Reproduce exactly the span of lines beginning at the one with "Used Dongfeng Xiaokang" and ending at the last line of the data below, omitting pictures.

Provided material |
---

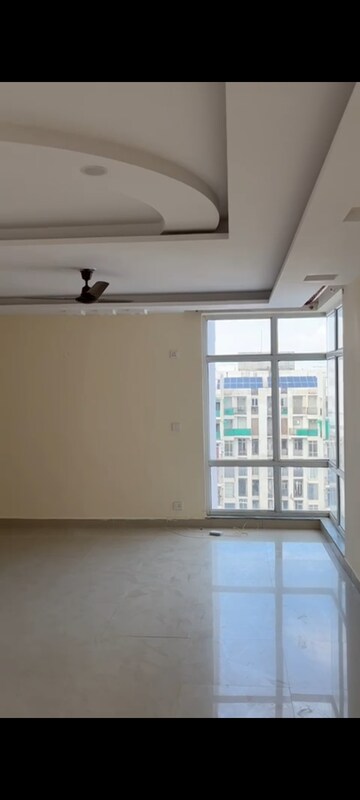 Room in 3.5 BHK Apartment at Rishita Celebrity Greens, Sushant Golf City – for Rent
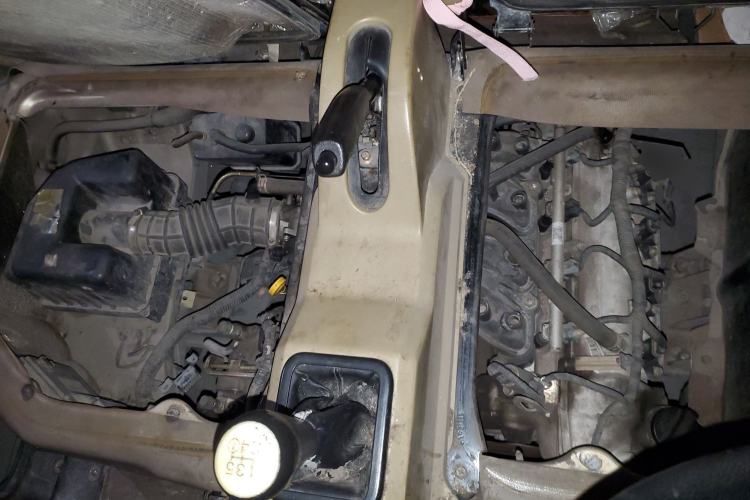 Used Dongfeng Xiaokang C37 2015 1.5L Standard II DK15-06 Engine Bay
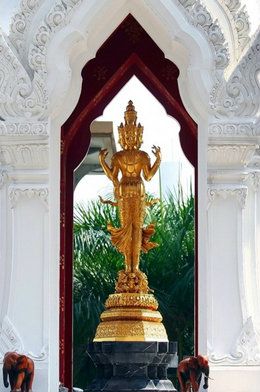 พระตรีมูรติเป็นเทพเจ้าผู้ทรงอำนาจและสำคัญในศาสนาพราหมณ์ ซึ่งประกอบด้วยองค์พระพรหม, พระนารายณ์, และพระอิศวร เป็นที่เคารพบูชาในด้านการเสริมสร้าง, ปกป้อง, และทำลาย สัญลักษณ์ของความสมบูรณ์ในเทพแห่งการสร้างและการบำรุงรักษาจักรวาล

---

Answer space |
 Used Dongfeng Xiaokang C37 2015 1.5L Standard II DK15-06 Engine Bay
 พระตรีมูรติเป็นเทพเจ้าผู้ทรงอำนาจและสำคัญในศาสนาพราหมณ์ ซึ่งประกอบด้วยองค์พระพรหม, พระนารายณ์, และพระอิศวร เป็นที่เคารพบูชาในด้านการเสริมสร้าง, ปกป้อง, และทำลาย สัญลักษณ์ของความสมบูรณ์ในเทพแห่งการสร้างและการบำรุงรักษาจักรวาล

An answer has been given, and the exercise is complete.